### Given data
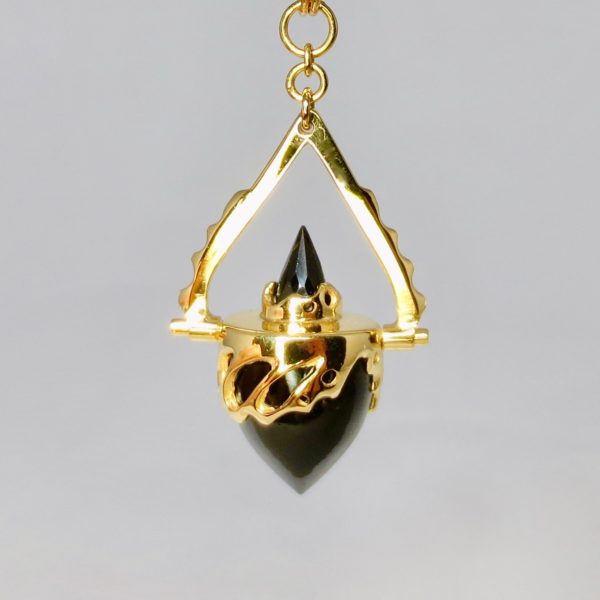 black onyx and gold pendant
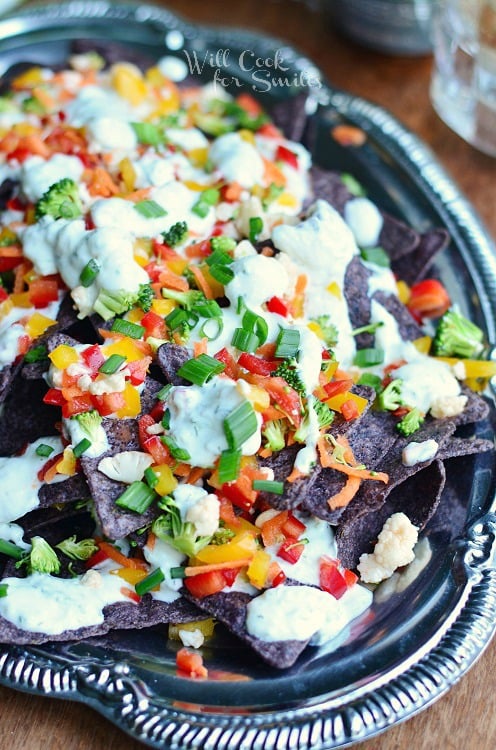 Veggie Nachos on a silver plate 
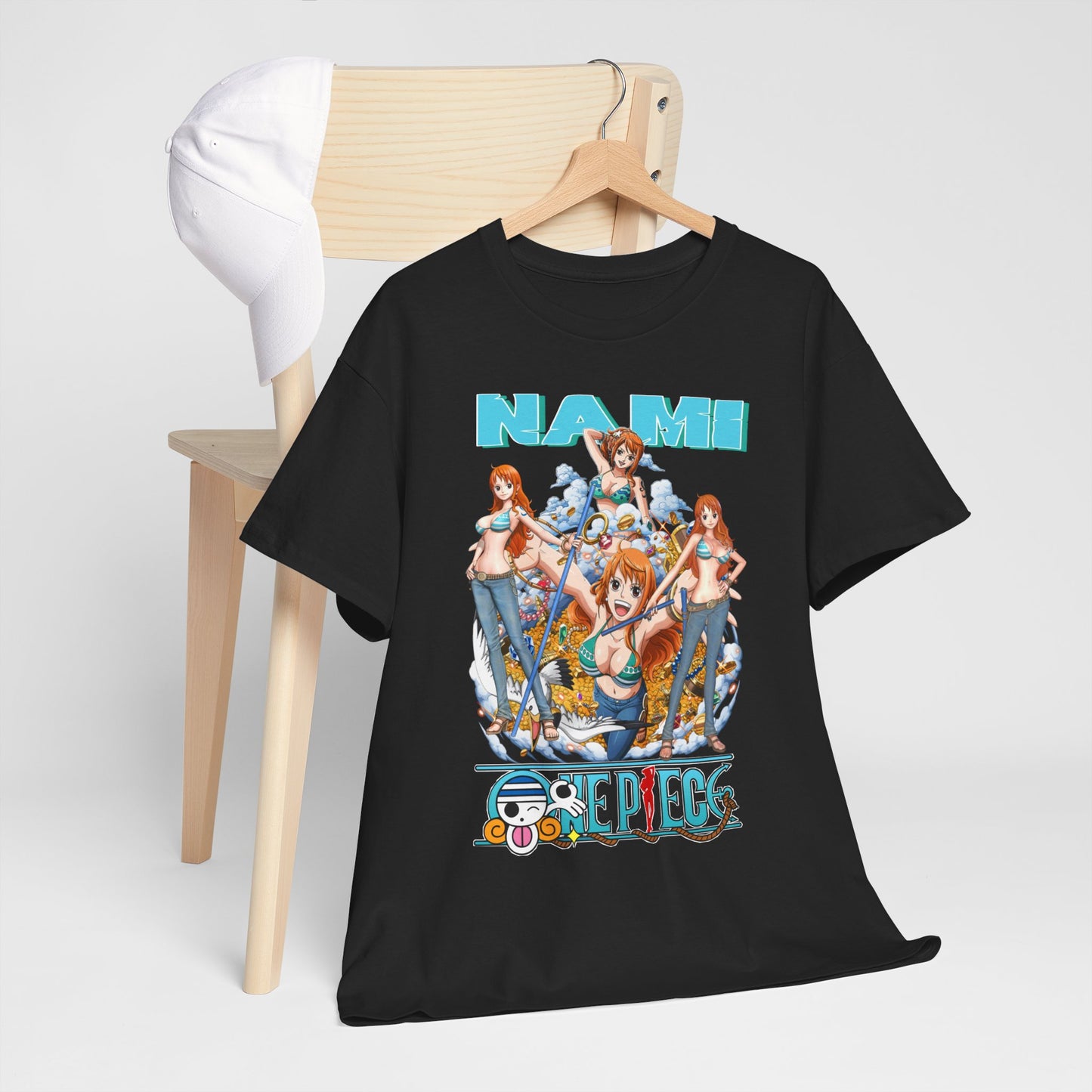 Chic black t-shirt displayed on a minimalist chair next to a white cap, featuring a vibrant Nami graphic from One Piece, encapsulating adventure and style for anime aficionados.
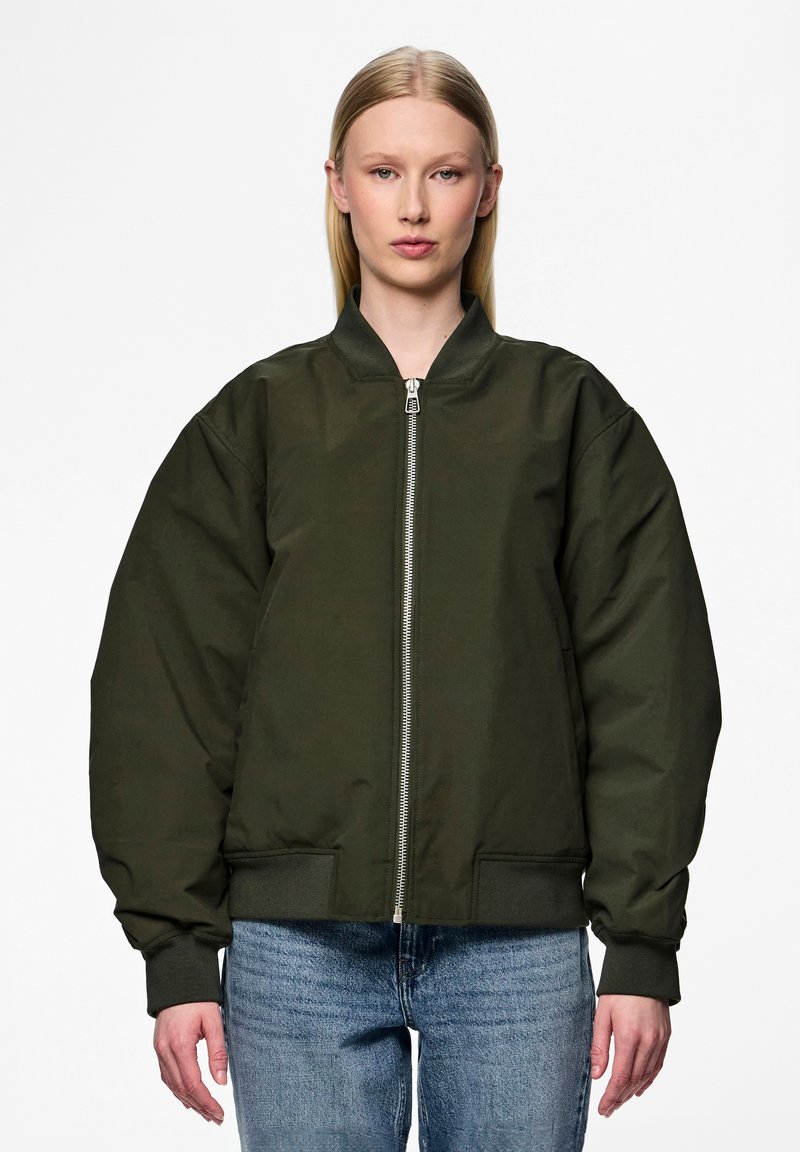 Casaco bomber verde-azeitona com fecho de correr na frente, punhos canelados e corte oversized. Apresenta dois bolsos laterais. Usado sobre um denim casual.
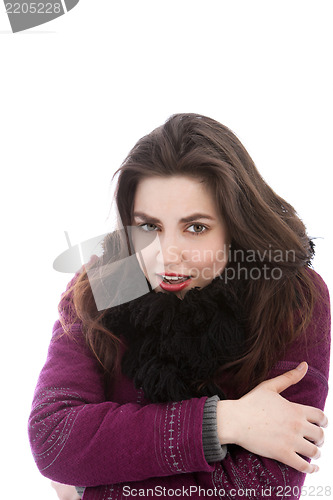 Image of Beautiful cold woman in winter clothing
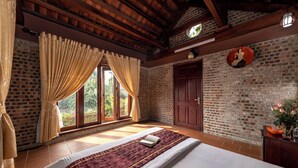 A room with a large bed, wooden beams, a brick wall, and a window with curtains. - Tamcoc Ngoc Linh Homestay (Nam Hoa Lu)
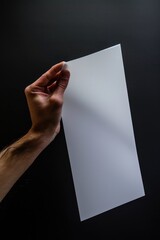 Aufkleber - A person holding a piece of paper in their hand, possibly with important information or a message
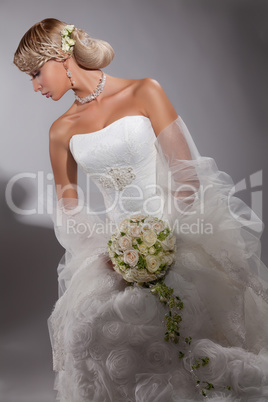 Young Beautiful Woman In A Wedding Dress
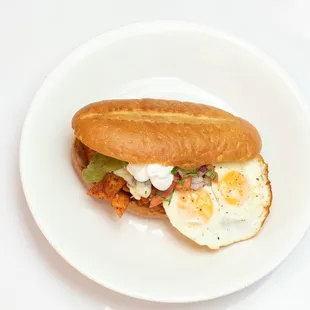 Torta De Chilaquiles! Stuffed with red chilaquiles, eggs, refried beans, tomatoes, onions, cilantro, queso fresco, avocado !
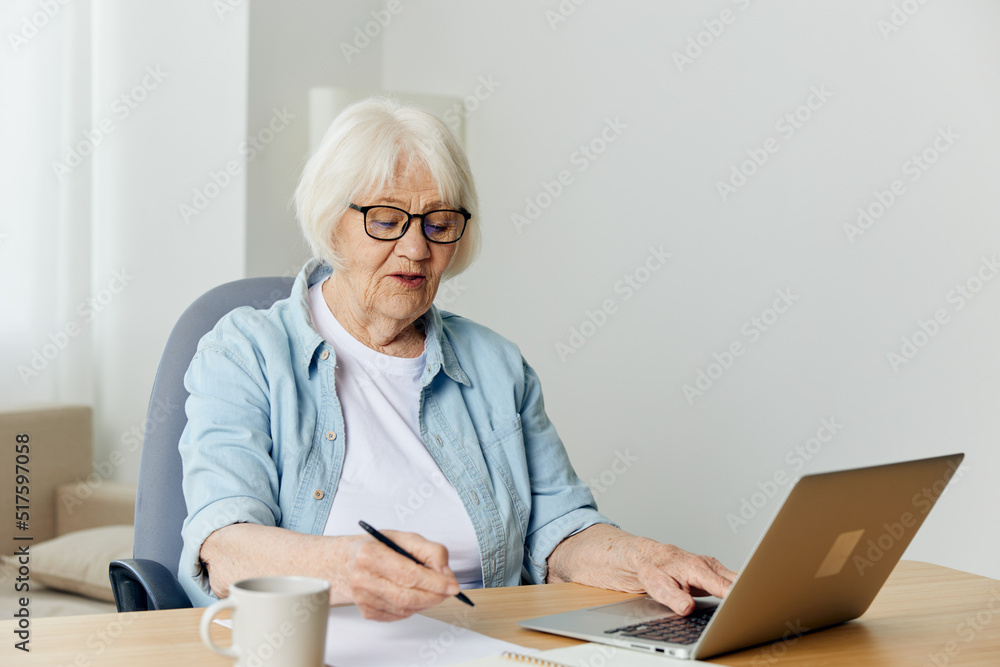 portrait of an elderly woman in a light shirt working at a desk through a laptop at home, carefully looking at the monitor. The concept of working from home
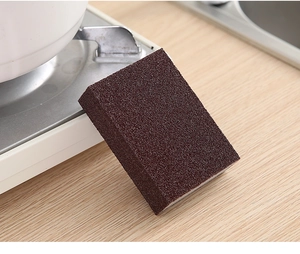 Close-up of a brown carborundum sponge on a wooden surface for kitchen rust removal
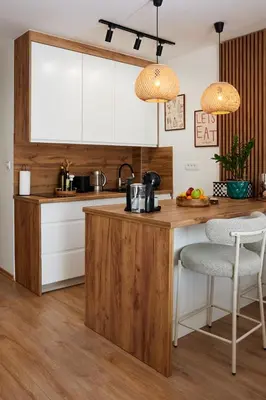 a kitchen with white cabinets and a wooden island with two chairs at Lovely and cozy apartment Lena in Zenica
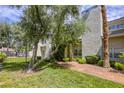 Inviting exterior view with lush green lawn, mature trees, and desert landscaping at 6250 W Flamingo Rd # 43, Las Vegas, NV 89103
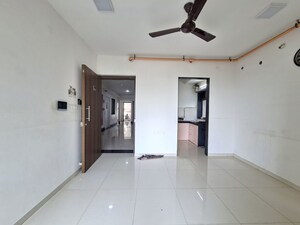 Living Room in 2 BHK Apartment at Runwal Eirene, Balkum Pada – for Sale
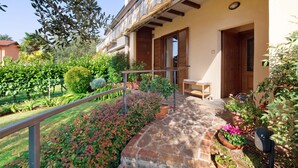 A building with a stone patio, wooden shutters, and potted plants.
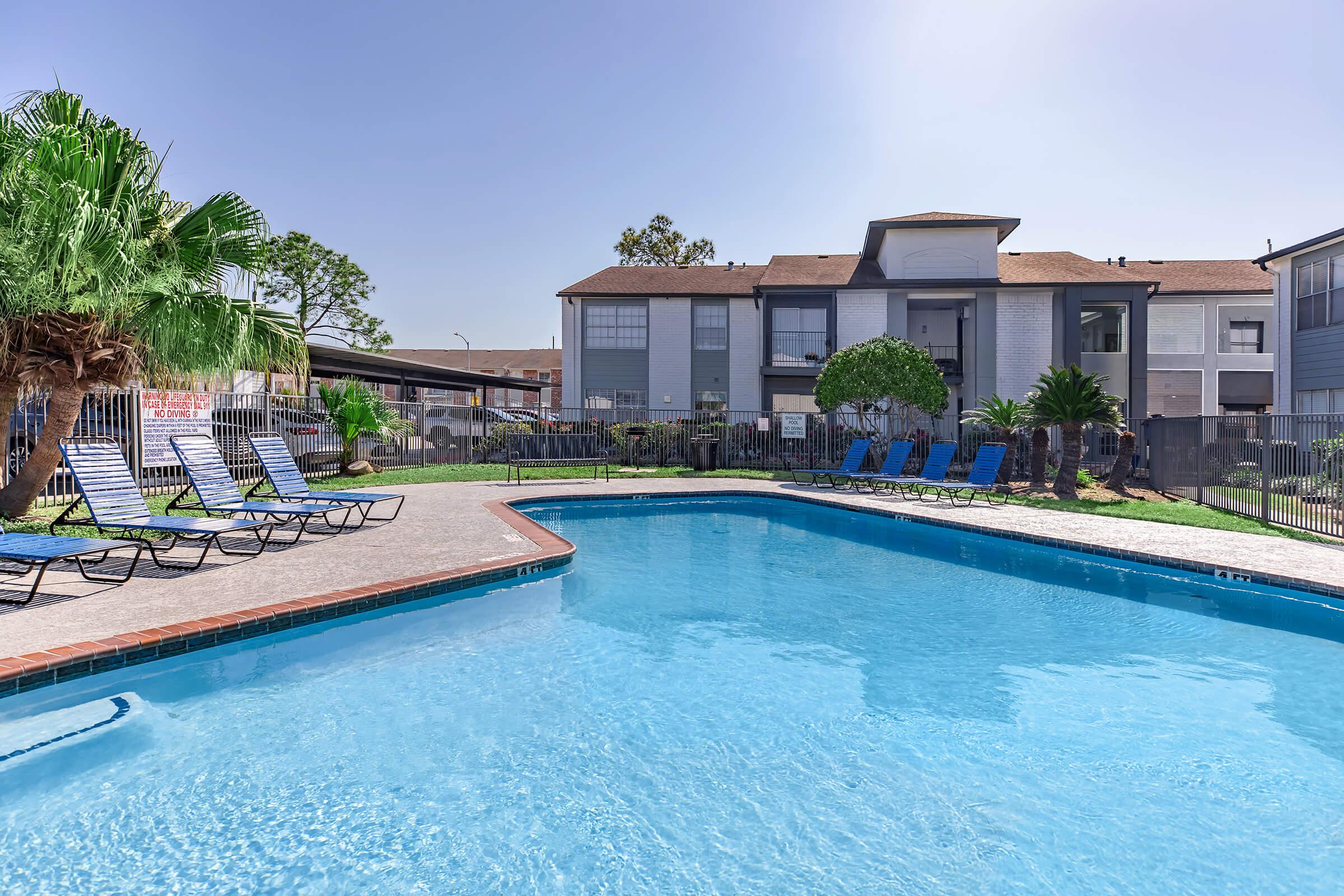 A clear blue swimming pool surrounded by lounge chairs and tropical plants. In the background, there are apartment buildings with balconies. The sky is bright and sunny, creating a relaxing atmosphere.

### Exercise requirements
Would you repeat the entries exactly, keeping the images out?

### Solution below
 black onyx and gold pendant
 Veggie Nachos on a silver plate 
 Chic black t-shirt displayed on a minimalist chair next to a white cap, featuring a vibrant Nami graphic from One Piece, encapsulating adventure and style for anime aficionados.
 Casaco bomber verde-azeitona com fecho de correr na frente, punhos canelados e corte oversized. Apresenta dois bolsos laterais. Usado sobre um denim casual.
 Image of Beautiful cold woman in winter clothing
 A room with a large bed, wooden beams, a brick wall, and a window with curtains. - Tamcoc Ngoc Linh Homestay (Nam Hoa Lu)
 Aufkleber - A person holding a piece of paper in their hand, possibly with important information or a message
 Young Beautiful Woman In A Wedding Dress
 Torta De Chilaquiles! Stuffed with red chilaquiles, eggs, refried beans, tomatoes, onions, cilantro, queso fresco, avocado !
 portrait of an elderly woman in a light shirt working at a desk through a laptop at home, carefully looking at the monitor. The concept of working from home
 Close-up of a brown carborundum sponge on a wooden surface for kitchen rust removal
 a kitchen with white cabinets and a wooden island with two chairs at Lovely and cozy apartment Lena in Zenica
 Inviting exterior view with lush green lawn, mature trees, and desert landscaping at 6250 W Flamingo Rd # 43, Las Vegas, NV 89103
 Living Room in 2 BHK Apartment at Runwal Eirene, Balkum Pada – for Sale
 A building with a stone patio, wooden shutters, and potted plants.
 A clear blue swimming pool surrounded by lounge chairs and tropical plants. In the background, there are apartment buildings with balconies. The sky is bright and sunny, creating a relaxing atmosphere.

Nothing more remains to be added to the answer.